I fiddle with the paper. I crease it in half. And then in half the other way. In quarters and quarters and the corners fold down onto the mid lines and those fold down again… I fold and fold and try to memorize the quote and try not to think about Adam. Because I have been sitting out here for a very long time. And I am getting very, very nervous. I am wondering if folks are supposed to walk in like the loud man - but I have never heard of such a thing and I most certainly am not about to try it. I am wondering if Mr. Adam doesn't want to see me. I know I can be annoying. I --

I push that thought away. But more are there to fill the space. Is it the right day? Am I at the right place? Hush, I tell myself. The woman at the desk let you in. Just wait. Be patient. And I wait.

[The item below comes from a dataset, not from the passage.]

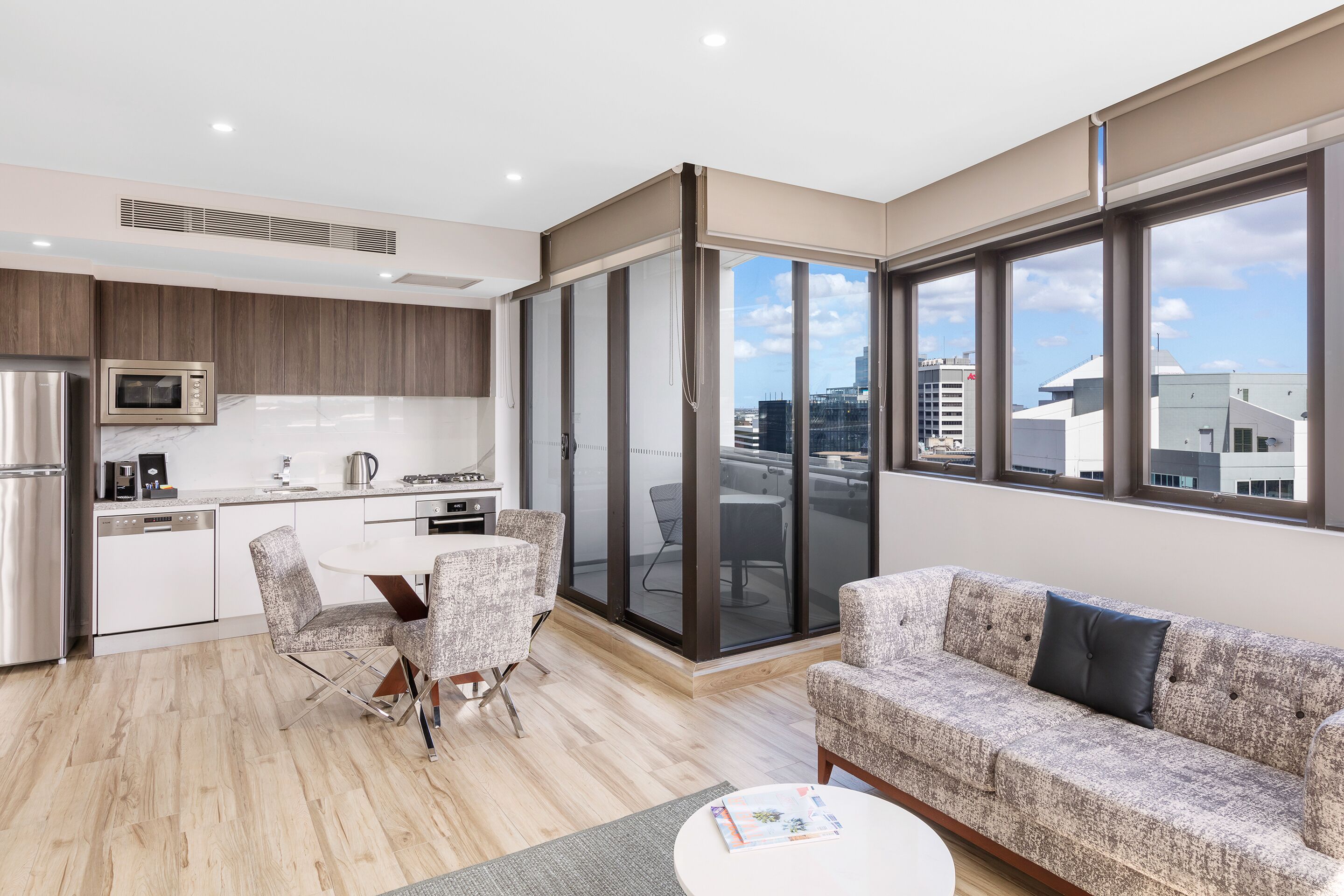 A modern apartment with a kitchen, dining area, and living room. It features a large sliding glass door to a balcony, a sofa, and a coffee table.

The table beside me has a pile of blank clipboards and one can of pens and one magazine. I take a black pen. The can clanks loudly. I feel as if every eye jerks towards me and I shrink into myself. I turn over my note card and try to add: "Give someone a compliment" to my list of distractions. But the pen doesn't really work. Well, it works on my skin, which I keep squiggling on to try and make it work on the paper. I get 'Give a comp' written down before the Door finally opens again.

A boy walks out. He is Hispanic and slightly chubby but mostly big boned. He wears a large white tee shirt and jeans and his black hair is shaved down close and he slouches. Adam is holding open the door. The boy goes over to the father and the two girls and they begin to walk away. I suppose the boy must be under 16 if his parents are bringing him here, but he definitely looks like a high schooler. Adam is looking at me.

I stand. It's kind of an awkward pause as I look at him and don't move - my note card is already safe in my bag. Then I catch on and step forward and step inside first because he was holding the door open for me and waiting for me to step in first. I cross the threshold to stand off to the side and let Adam walk first. He does, the door closing with a CLACK behind us. He leads with strong strides. I hadn't noticed that before. He steps with brisk, long strides. The type that make me imagine a ridged head bent down wards and long, straight arms swinging dramatically back and forth with each step. He doesn't do that though (which is good). He just steps big and brisk and decidedly.

Instead of following the hall down and going left, we stop for a door on the right.

It is a new room.

I don't like it.

I guess I have forgotten how Adam had said that he did not have a consistent room, how he had always said that 'today' he is in a room, and not simply that he has the room. This office is just Wrong.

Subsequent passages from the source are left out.